Hey this is just a random question, but recently I've started studying physics, only last year.

Before this I never used to question really alot of things i took for granted, but now I see the world with a different light although I'm still quite the novice.

Something that used to make me think, when I walk past my bathroom door really fast, it will swing on it's on towards me. I make no contact with the door, as I tested it a few times.

My first assumption was it had something to do with friction of my body and air particles causing them to go into motion and collide with the door at a Force (N). But if this was so, wouldn't the door swing away from me?

Does anyone have any ideas on this? I think it's quite interesting.

2. Jan 2, 2018

3. Jan 2, 2018

### Richie Smash

Wow, I'm probably going to have to spend days reading this, but I won't give up, I'm a page in and suddenly it got complex and my brain is struggling to keep up :D

4. Jan 3, 2018

### sophiecentaur

.. . . or it could be that the doors are closed in the part of the corridor you are walking towards and you are acting like a piston in a closed cylinder, increasing the pressure in the closed end of the cylinder as you move - pushing the bathroom door. The hinges on the bathroom door must be particularly free. I suggest that the ceiling could be fairly low so that your body take-up a significant proportion of the cross sectional area of the corridor (minus the area of that door.

5. Jan 3, 2018

### Staff: Mentor

It's complicated and at least Bernoulli adjacent, but the way I would describe it is that due to your poor aerodynamics, you pull a substantial wake behind you (and push air in front of you), causing an area of low pressure that pulls the door toward you after you pass.

The piston effect can amplify it the pressure change, but cars do the same thing in free air. That's why debris next to a car (like leaves) ends up on the road behind it.

Last edited: Jan 3, 2018
6. Jan 3, 2018

### sophiecentaur

Thing is, he's not going faster than about 1m/s. If he could experiment with opening and closing other doors to see if the 'piston effect' is feasible. . . . .?

7. Jan 3, 2018

### Staff: Mentor

I think the key to finding the answer could be timing. @Richie Smash , can you do it again and tell us where your body is when the door starts to move? Are you approaching the door? at the door? or already past the door?

8. Jan 3, 2018

### Staff: Mentor

I just had another idea. @Richie Smash , maybe we can make a scientist out of you.

You could do the following experiment at home. Take some sheets of ordinary paper. Hang each sheet from a thread and tape it to the ceiling of the hall such that the paper is parallel to the walls. Then set your phone to record video, and walk through the hall. The video will show the papers moving as you pass. You will be able to see which direction they move and when. You might be able to use hanging threads with no paper, if the threads are visible on the video.
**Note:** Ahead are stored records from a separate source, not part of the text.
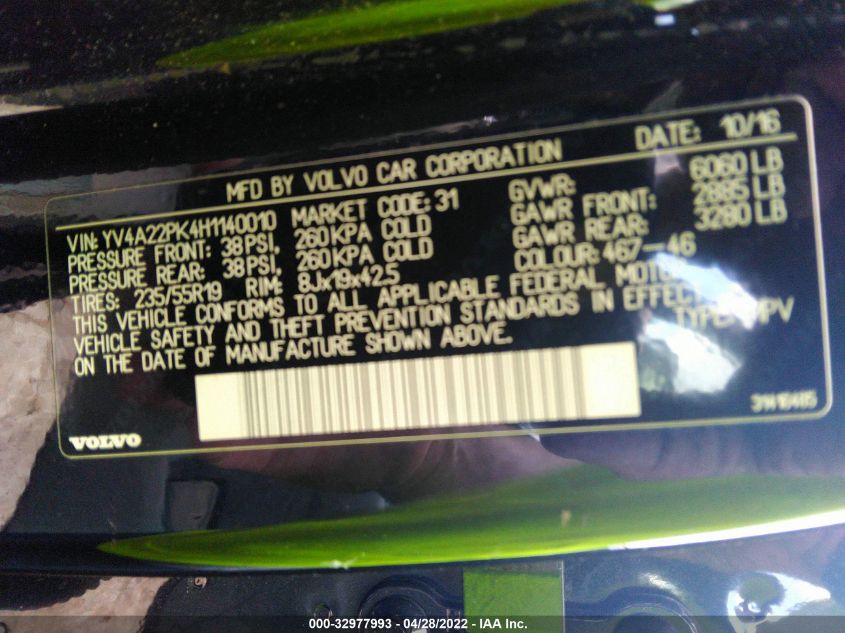 2017 VOLVO XC90 MOMENTUM YV4A22PK4H1140010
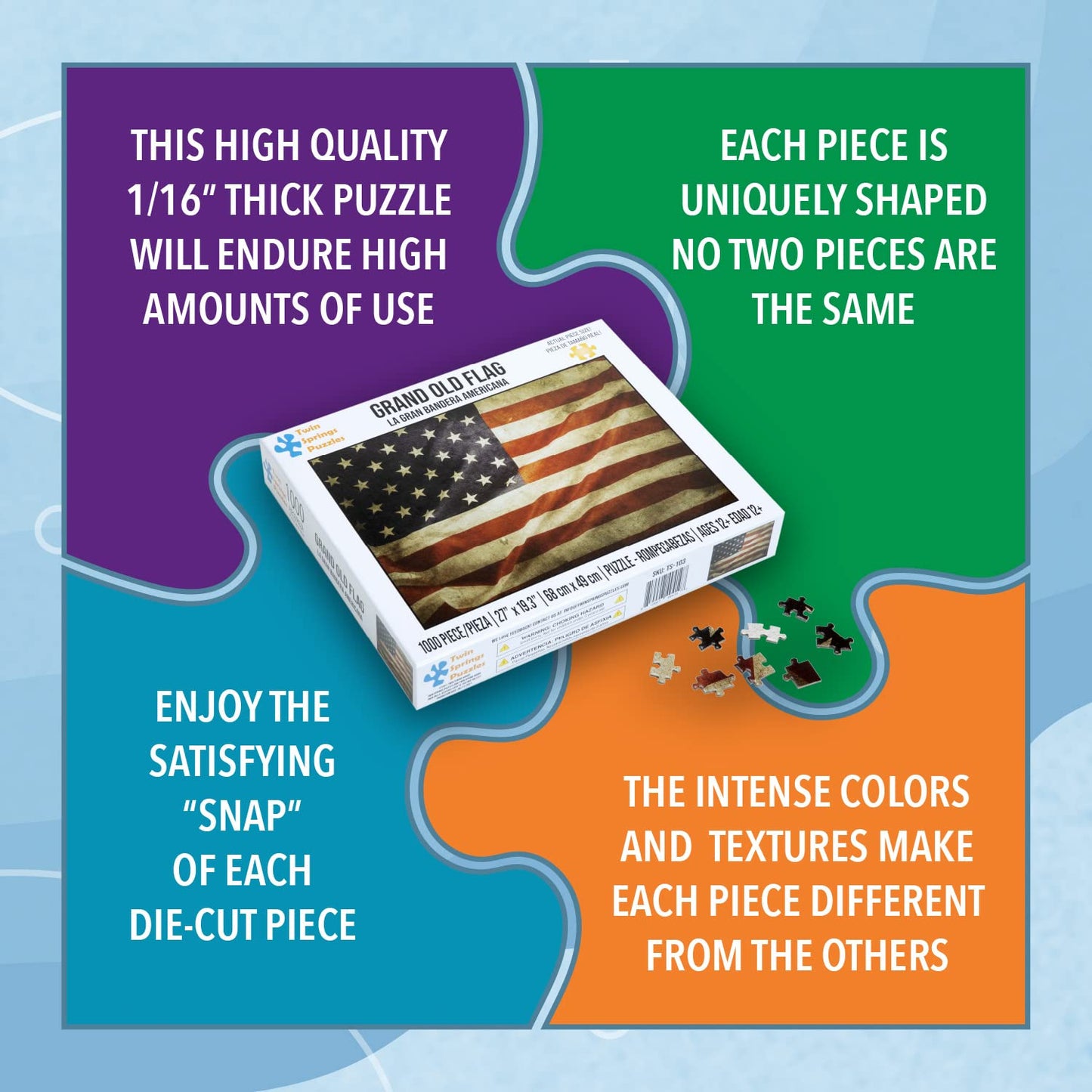 Grand Old Flag Twin Spring Goods 1000 Piece Jigsaw Puzzle 1,000 Pcs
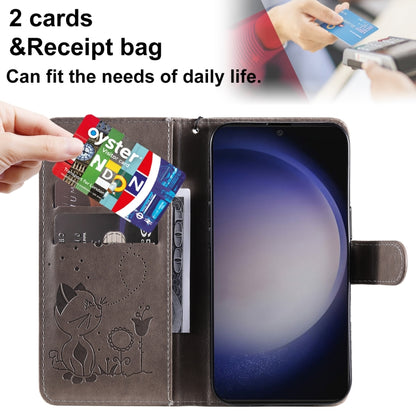 For Samsung Galaxy S25+ / S24+ 5G Cat and Bee Embossed Flip Leather Phone Case(Grey) by buy2fix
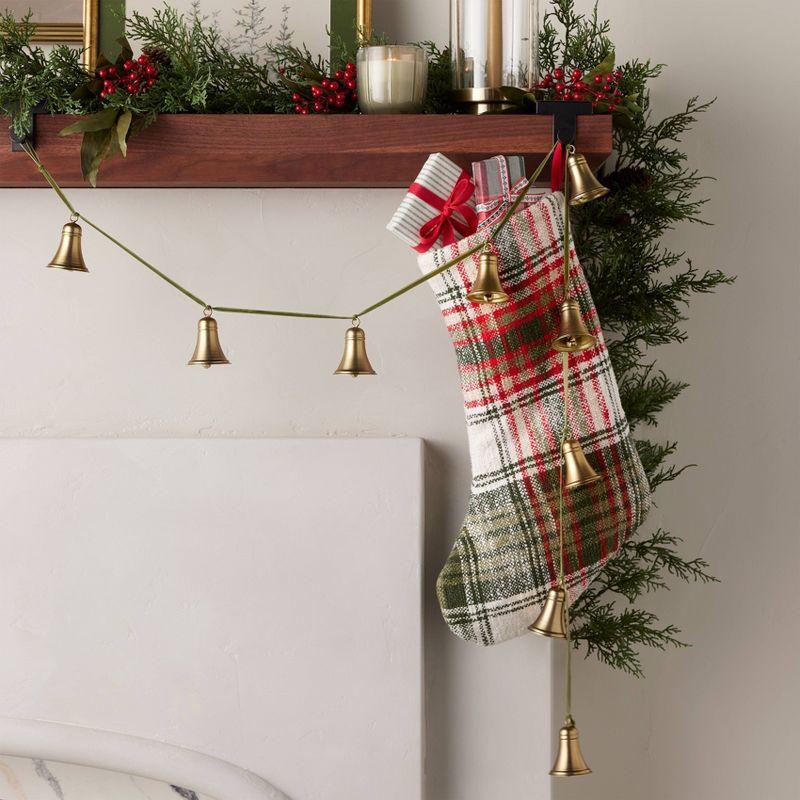 Rustic Red and Green Plaid Woven Christmas Stocking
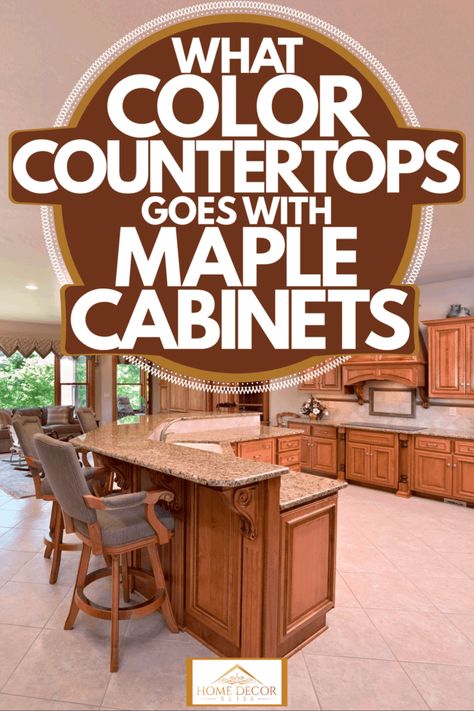 What Color Countertops Goes With Maple Cabinets - Home Decor Bliss Maple Cabinets Countertop Ideas, What Color Countertops With Maple Cabinets, Maple Kitchen Cabinets With Dark Counter, Maple Cabinets Dark Countertops, Maple Cabinets With White Quartz Countertops, Backsplash Ideas For Maple Cabinets, Backsplash Ideas With Maple Cabinets, Maple Cabinet Backsplash Ideas, Maple Kitchen Cabinets With White Countertops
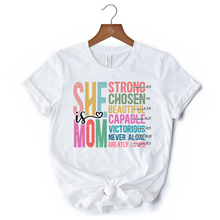 Load image into Gallery viewer, Inspirational Christian Mom T-Shirt, Affirmation White Tee for Strong and Motivated Mothers

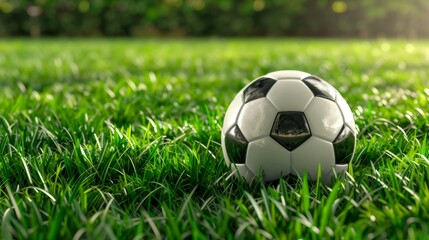 Fototapeta premium Classic soccer ball on a bright green lawn, symbolizing sport and play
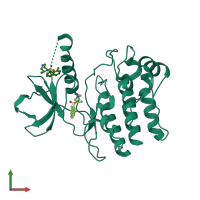 PDB entry 4f1t coloured by chain, front view.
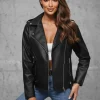 Clearance Damen Lederjacke JS/11Z8060 Damen Lederjacken | Übergangsjacken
What science will you learn from that? Most important is the scientific method; first gather reliable evidence, then think about what the evidence means. That is so much better than a verbal description of the door moving that is so hard to explain accurately. The methods of collecting evidence are more valuable than the answer to the riddle, why do they move?

9. Jan 3, 2018

### Richie Smash

Hi guys, thanks for all your replies.
To answer your question anorlunda, it moves when I'm past the door.
What I'll do, is measure the length and width of the hall, which has 3 doors, and I'll draw a diagram of this hall, with the location of each door.

And that experiment with the hanging thread and paper sounds pretty good, I'll do that, just need some time so I will get back to you guys.

But the diagram I can do this evening, is that it's currently 10:47am where I live so please hold tight.

10. Jan 3, 2018

### Staff: Mentor

That wouldn't be analagous; doors seal, so the piston effect works well. A person in a hallway makes a bad piston.

Better tests would be;
1. Try to hug the wall on the other side of the hallway and see if it still happens.
2. Try it with doors not in a hallway.

11. Jan 3, 2018

### sophiecentaur

But also a person walking slowly may not be generating much a bernoulli effect. Changing the situation with the other doors would make a big difference to how effective a piston the moving person is. (Closed cylinder / open ended cylinder pressure changes)
Would you expect the same effect in a large room with 'infinite cross sectional area? I don't think I would. An experiment would help to resolve this.

12. Jan 3, 2018

### Staff: Mentor

I like this.The advisers are all saying "experiment" and Richie is saying, "I'll experiment." We're in agreement.

Take your time Richie. No hurry.

13. Jan 3, 2018

### FactChecker

I agree with all, that more experiments would be nice, but the results may be mixed and confusing. @russ_watters 's hypothesis that it is "drafting" as in a car behind a large truck seems most likely to me. The piston theory requires sealed air path down the hall and around corners, which seems less likely. The drafting theory only requires local effects. The force of the "drafting" turbulence behind a moving object is often underestimated. I see trucks and trailers all the time with streamlined front ends but squared-off rear ends. If you've ever ridden a motorcycle close behind a truck, you know that the force is significant.

14. Jan 3, 2018

### sophiecentaur

That's what I was assuming (all other doors closed). I could imagine the piston effect working in a small, low hallway, already half obstructed by an open door, almost to the ceiling. A human body would take up quite a significant proportion of the area. But we'd need to know the dimensions and the speeds involved.

15. Jan 3, 2018

### Richie Smash

Hi Guys, Here is a very poor diagram of the hall way each door and the door in question D4. The measurements are approximations for convenience sake.

Observations:

With each door closed besides D4, walked past at a brisk pace at about 1m/s the door swung inwards each time for each attempt.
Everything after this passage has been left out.